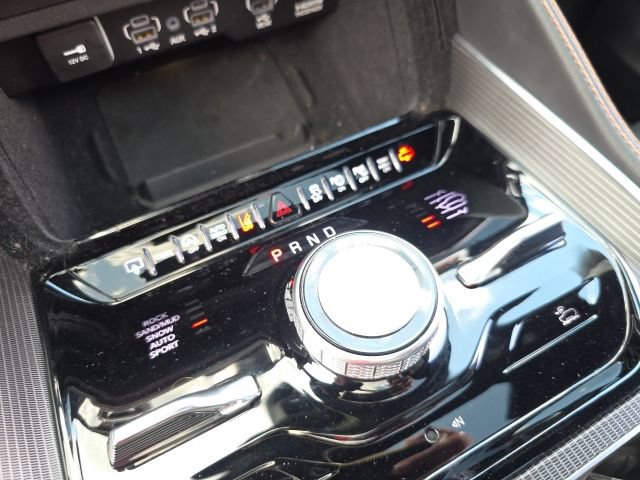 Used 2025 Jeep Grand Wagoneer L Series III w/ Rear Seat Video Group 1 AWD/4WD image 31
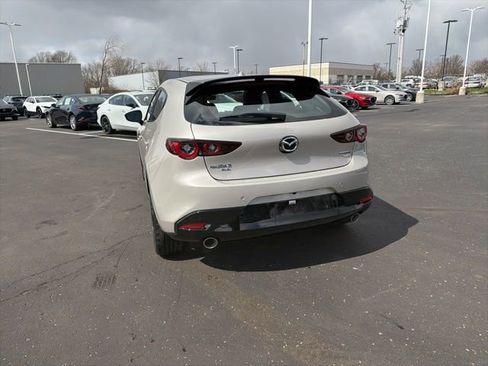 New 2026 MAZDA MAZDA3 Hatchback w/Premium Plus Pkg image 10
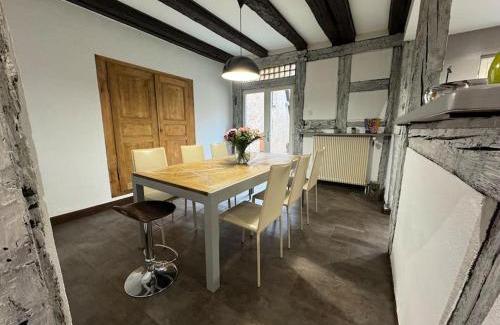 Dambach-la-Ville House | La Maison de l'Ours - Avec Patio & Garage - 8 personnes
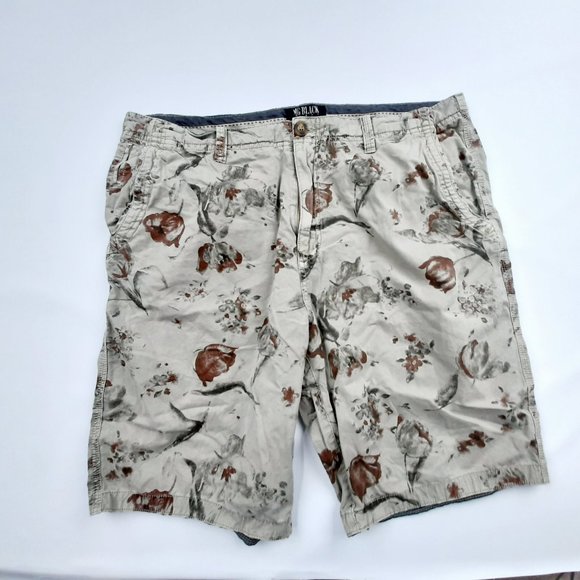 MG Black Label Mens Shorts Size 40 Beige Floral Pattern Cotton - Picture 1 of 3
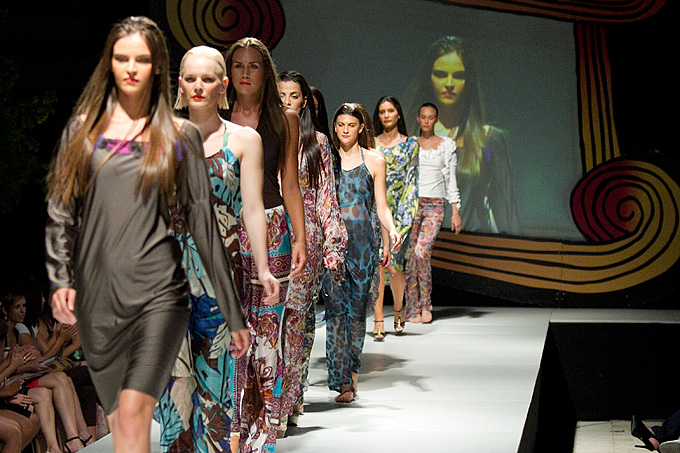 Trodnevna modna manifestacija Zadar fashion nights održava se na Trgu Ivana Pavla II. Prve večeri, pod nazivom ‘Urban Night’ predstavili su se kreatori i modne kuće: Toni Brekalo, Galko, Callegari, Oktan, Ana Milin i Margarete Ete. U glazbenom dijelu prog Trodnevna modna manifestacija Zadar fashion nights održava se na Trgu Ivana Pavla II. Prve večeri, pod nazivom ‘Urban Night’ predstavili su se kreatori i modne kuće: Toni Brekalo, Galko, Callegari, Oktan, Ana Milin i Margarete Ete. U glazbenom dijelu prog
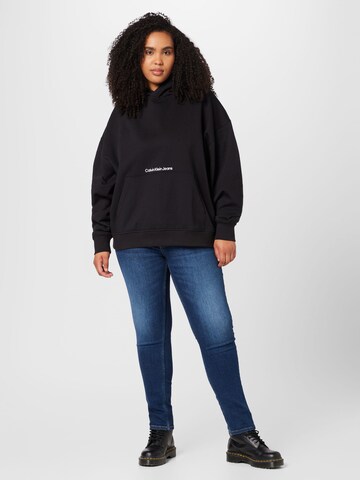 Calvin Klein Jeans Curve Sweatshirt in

_ _ _ _ _ _ _

> **Exercise directions**
A faithful, word-for-word copy of the data is needed; the pictures should not appear in it.

> **Exercise answer**
 Used 2025 Jeep Grand Wagoneer L Series III w/ Rear Seat Video Group 1 AWD/4WD image 31
 New 2026 MAZDA MAZDA3 Hatchback w/Premium Plus Pkg image 10
 Dambach-la-Ville House | La Maison de l'Ours - Avec Patio & Garage - 8 personnes
 MG Black Label Mens Shorts Size 40 Beige Floral Pattern Cotton - Picture 1 of 3
 Trodnevna modna manifestacija Zadar fashion nights održava se na Trgu Ivana Pavla II. Prve večeri, pod nazivom ‘Urban Night’ predstavili su se kreatori i modne kuće: Toni Brekalo, Galko, Callegari, Oktan, Ana Milin i Margarete Ete. U glazbenom dijelu prog Trodnevna modna manifestacija Zadar fashion nights održava se na Trgu Ivana Pavla II. Prve večeri, pod nazivom ‘Urban Night’ predstavili su se kreatori i modne kuće: Toni Brekalo, Galko, Callegari, Oktan, Ana Milin i Margarete Ete. U glazbenom dijelu prog
 Calvin Klein Jeans Curve Sweatshirt in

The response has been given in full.